The colonial era building where now sits the Hong Kong Court of Final Appeal.  Formally opened in 1912, it was built with granite in the neo-classical style and between 1985-2011 was the seat of the Legislative Council (LegCo).

However, in 2020, a “National Security Law” (technically the Law of the People's Republic of China on Safeguarding National Security in the Hong Kong Special Administrative Region and thus usually written in English as the “NSL”) was imposed.  While not aimed at the regulation of business or economic matters, it was wide in its scope and claims of application (the extraterritoriality extending worldwide), essentially extending to the territory many of the laws of the mainland regarding “political activities” and matters of “free speech”, the latter widely interpreted by the CCP.  Citing the “political situation”, two British judges in June 2024 resigned from the HKCFA, prompted by Beijing’s recent crackdown on dissent in the city, something made possible by the NSL.  In his published letter, one judge, his rationale for departure notwithstanding, did say he continued “…to have full confidence in the court and the total independence of its members.”  As early as 2020, one Australian judge had already resigned, followed by two others from the UK, both saying the Hong Kong government had “…departed from values of political freedom and freedom of expression.”  The CCP may have anticipated some objection from the overseas judges because, since the passage of the NSL, no overseas judge has been allocated to hear the “security-related” cases.  The judicial disquiet seemed not to trouble the territory’s chief executive, former police officer John Lee (Ka-chiu) (b 1957) who said the overseas appointments would continue to help “…maintain confidence in the judicial system and… strong ties with other common law jurisdictions.”  In response to the departing judge’s comment, he claimed the NSL had “no effect” on judicial independence and the only difference was that “…national security is now better safeguarded.
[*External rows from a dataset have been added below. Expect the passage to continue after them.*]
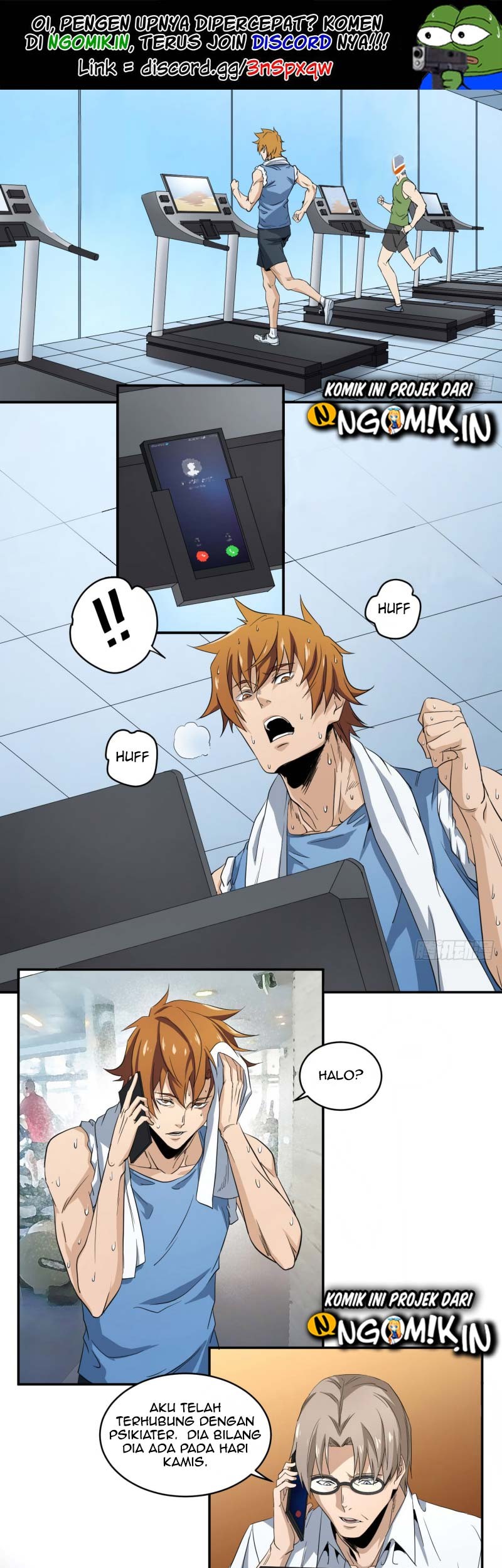 Winner Takes All chapter 54 halaman 2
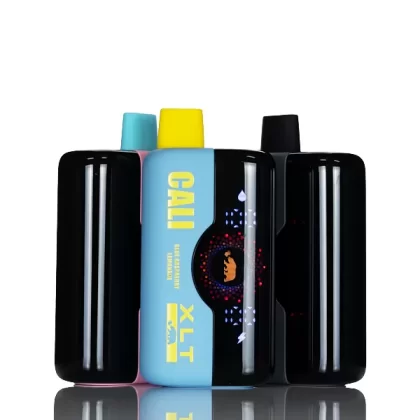 Cali XLT 40K 40000 Puffs Disposable Vape - 25mL - Sour Grape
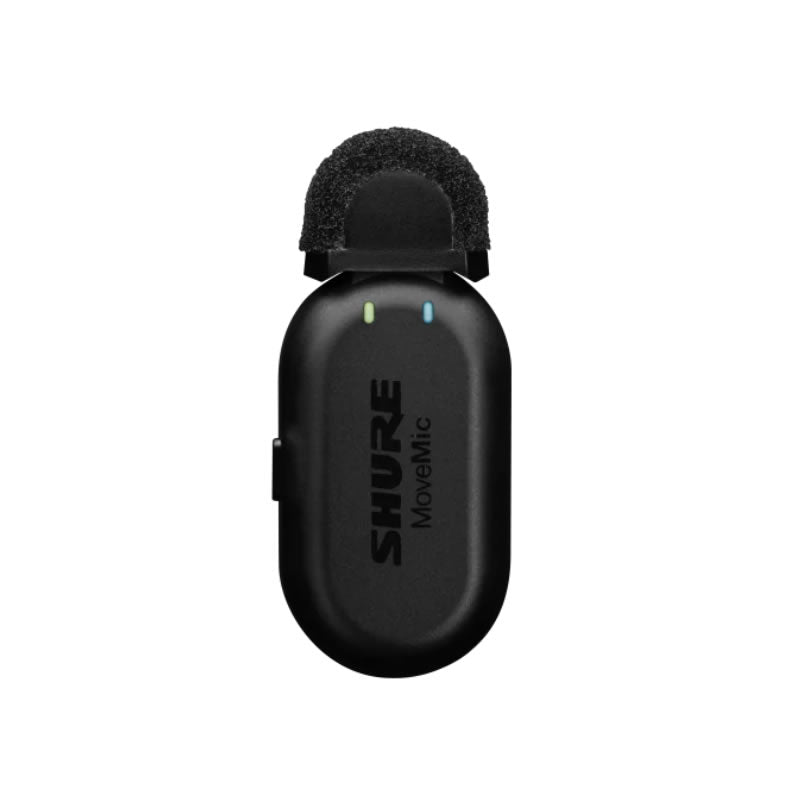 Shure MoveMic Irtonainen Mikrotonit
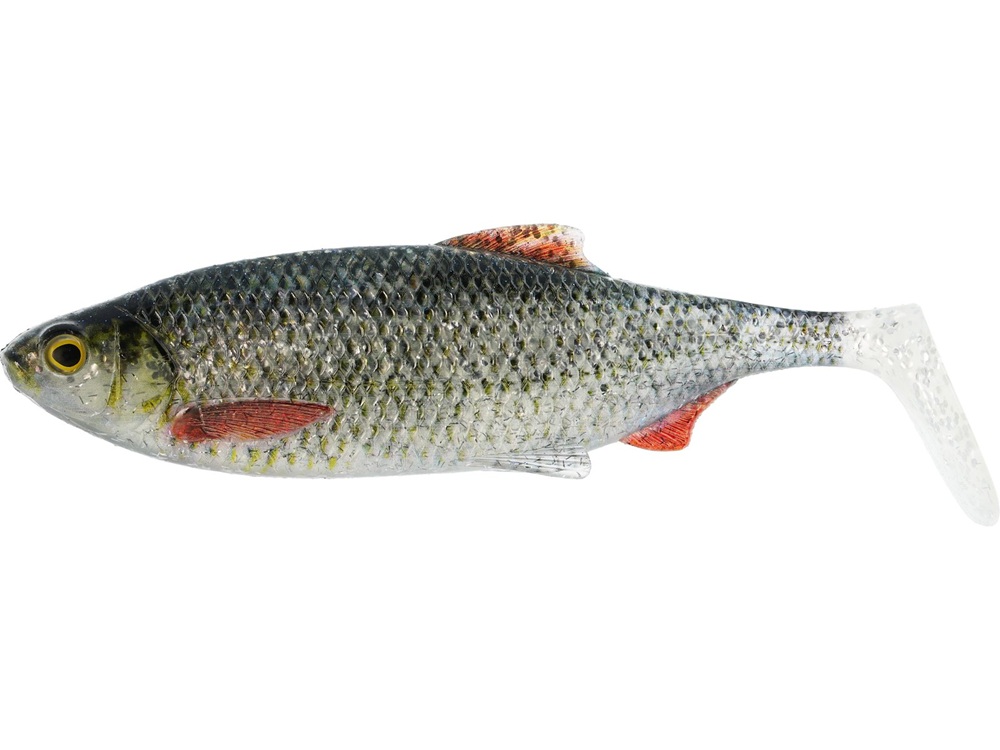 Levně Westin gumová nástraha ricky the roach shadtail glitter roach - 14 cm 42 g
Early in June, the Hong Kong authorities arrested two men and one woman attending a FIFA World Cup qualification match against Iran, their offence being “turning their backs to the pitch and not standing during the performance of the national anthem”, a police spokesman adding that anybody “…who publicly and intentionally insults the national anthem in any way in committing a crime.”  Before the NSL was imposed, bolshie Hongkongers were known to boo the anthem to express discontent with their rulers; that definitely will no longer be tolerated.  The match ended Iran 4: Hong Kong 2 but despite that, more than ever the HKSAR and the Islamic Republic have much in common.